John Coltrane Memorial Concert, Blackman Theatre, September 22, 2007
REMEMBERING COLTRANE: The memorial
proved to be the kind of conceptual and
musical unity John might have appreciated.
Since its birth in the tiny Friends of Great Black Music Loft in Chinatown 30 years ago, the John Coltrane Memorial Concert has been a grass-roots event, dependent on musicians who volunteer their time and talent. The special guest at Northeastern’s Blackman Theatre last Saturday night (the concluding concert in a week of 30th-anniversary events) was Ravi Coltrane. An organization with greater resources might have commissioned original arrangements that incorporated John’s son, but this isn’t Lincoln Center Jazz. Working on the fly, the organizers created an odd layer cake: two sets of selections from the massive JCMC Ensemble in each half of the three-hour concert, with a crème filling in each from the Ravi Coltrane Quartet. (Poet Amiri Baraka offered a prelude remembrance of John.) Conventional performance hierarchy — one band opening for another — goes against the JCMC’s egalitarian grain. Instead, Ravi did his thing and the JCMC Ensemble did theirs, side by side.

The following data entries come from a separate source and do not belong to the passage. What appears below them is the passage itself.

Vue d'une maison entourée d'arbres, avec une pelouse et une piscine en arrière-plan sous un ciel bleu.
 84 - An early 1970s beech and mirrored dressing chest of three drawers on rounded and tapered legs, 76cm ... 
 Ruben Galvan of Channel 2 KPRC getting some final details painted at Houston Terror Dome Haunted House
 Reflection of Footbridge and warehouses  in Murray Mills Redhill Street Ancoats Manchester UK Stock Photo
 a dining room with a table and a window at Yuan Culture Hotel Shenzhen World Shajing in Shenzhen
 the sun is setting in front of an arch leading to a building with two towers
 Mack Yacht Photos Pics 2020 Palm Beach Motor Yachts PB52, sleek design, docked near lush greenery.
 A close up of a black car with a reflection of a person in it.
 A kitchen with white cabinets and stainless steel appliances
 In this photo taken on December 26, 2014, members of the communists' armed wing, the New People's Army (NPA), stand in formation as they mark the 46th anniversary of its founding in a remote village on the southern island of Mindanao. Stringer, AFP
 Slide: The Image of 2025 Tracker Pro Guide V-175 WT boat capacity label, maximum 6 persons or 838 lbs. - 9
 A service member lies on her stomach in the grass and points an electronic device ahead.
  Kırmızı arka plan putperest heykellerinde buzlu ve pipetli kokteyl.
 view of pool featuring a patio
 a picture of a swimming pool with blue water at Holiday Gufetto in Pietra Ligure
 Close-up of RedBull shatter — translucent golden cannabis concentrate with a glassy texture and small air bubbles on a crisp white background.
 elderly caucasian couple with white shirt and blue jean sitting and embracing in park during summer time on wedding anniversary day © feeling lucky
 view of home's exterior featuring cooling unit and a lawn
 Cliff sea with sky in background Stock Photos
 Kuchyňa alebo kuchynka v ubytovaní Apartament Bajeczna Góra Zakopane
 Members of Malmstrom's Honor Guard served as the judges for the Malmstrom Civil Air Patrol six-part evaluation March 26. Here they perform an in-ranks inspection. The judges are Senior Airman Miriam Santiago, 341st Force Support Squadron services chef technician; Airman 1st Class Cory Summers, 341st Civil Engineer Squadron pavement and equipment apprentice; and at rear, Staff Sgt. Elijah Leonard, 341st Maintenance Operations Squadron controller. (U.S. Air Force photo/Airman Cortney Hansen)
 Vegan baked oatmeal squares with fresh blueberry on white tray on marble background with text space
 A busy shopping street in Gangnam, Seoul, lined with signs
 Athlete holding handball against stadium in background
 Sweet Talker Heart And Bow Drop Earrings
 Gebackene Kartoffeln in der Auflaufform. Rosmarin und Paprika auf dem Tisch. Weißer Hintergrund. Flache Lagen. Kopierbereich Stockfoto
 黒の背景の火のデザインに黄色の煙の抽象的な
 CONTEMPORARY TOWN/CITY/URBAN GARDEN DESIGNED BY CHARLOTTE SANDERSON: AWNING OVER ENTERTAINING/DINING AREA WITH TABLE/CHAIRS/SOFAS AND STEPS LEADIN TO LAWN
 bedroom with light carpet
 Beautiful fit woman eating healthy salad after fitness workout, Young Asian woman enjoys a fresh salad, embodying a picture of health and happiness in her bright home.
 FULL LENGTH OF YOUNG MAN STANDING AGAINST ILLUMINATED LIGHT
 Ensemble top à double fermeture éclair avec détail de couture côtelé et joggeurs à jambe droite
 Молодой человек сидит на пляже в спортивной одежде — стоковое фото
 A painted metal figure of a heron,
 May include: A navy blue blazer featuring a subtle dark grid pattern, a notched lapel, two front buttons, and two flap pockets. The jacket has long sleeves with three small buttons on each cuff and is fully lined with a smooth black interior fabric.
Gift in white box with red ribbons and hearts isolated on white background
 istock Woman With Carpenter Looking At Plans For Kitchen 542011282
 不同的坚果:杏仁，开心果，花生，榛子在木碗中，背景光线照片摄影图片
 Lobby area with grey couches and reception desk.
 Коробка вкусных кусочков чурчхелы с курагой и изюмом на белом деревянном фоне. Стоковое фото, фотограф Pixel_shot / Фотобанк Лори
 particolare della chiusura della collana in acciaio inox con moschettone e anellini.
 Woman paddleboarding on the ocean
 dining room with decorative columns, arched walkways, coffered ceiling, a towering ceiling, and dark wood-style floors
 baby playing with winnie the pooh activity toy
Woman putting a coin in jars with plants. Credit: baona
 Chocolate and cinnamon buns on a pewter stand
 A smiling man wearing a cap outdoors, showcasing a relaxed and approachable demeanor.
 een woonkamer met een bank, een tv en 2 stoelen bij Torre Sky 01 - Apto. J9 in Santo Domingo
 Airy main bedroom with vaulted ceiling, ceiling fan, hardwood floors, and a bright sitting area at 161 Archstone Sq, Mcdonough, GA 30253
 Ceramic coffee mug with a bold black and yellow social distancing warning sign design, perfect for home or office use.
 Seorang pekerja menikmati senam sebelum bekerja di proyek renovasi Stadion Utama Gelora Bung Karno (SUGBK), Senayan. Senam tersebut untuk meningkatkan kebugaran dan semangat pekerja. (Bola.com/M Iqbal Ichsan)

After Baraka’s reading (it ended with him hearing about Coltrane’s death from a jail cell), a horn nonet played Coltrane’s “Welcome.” It was expansive, airy, led by arranger Leonard Brown’s soaring soprano. Another small group played Alice Coltrane’s “Gospel Trane,” with a crowd-pleasing, raucous three-trombone chorus and an arm-blurring George W. Russell Jr. piano solo. The full Ensemble (with three percussionists, three bassists, and three keyboardists) strained to make a unified statement of “India” amid collective improvisation that loosely followed Coltrane’s written scheme and arranger Bill Lowe’s conducting cues. Ravi’s group had an advantage: four players who work together year round. And it’s a great band, with a cohesive sound that joins John’s prayerful modal freedom to Ravi’s latter-day odd-metered forms. The evening’s finale was a majestic “Peace on Earth” played by the Ensemble, with arranger Stan Strickland’s bass clarinet and the bowed basses conjuring Tibetan horns, and Ravi soloing from the sax section. It was the kind of conceptual and musical unity John might have appreciated.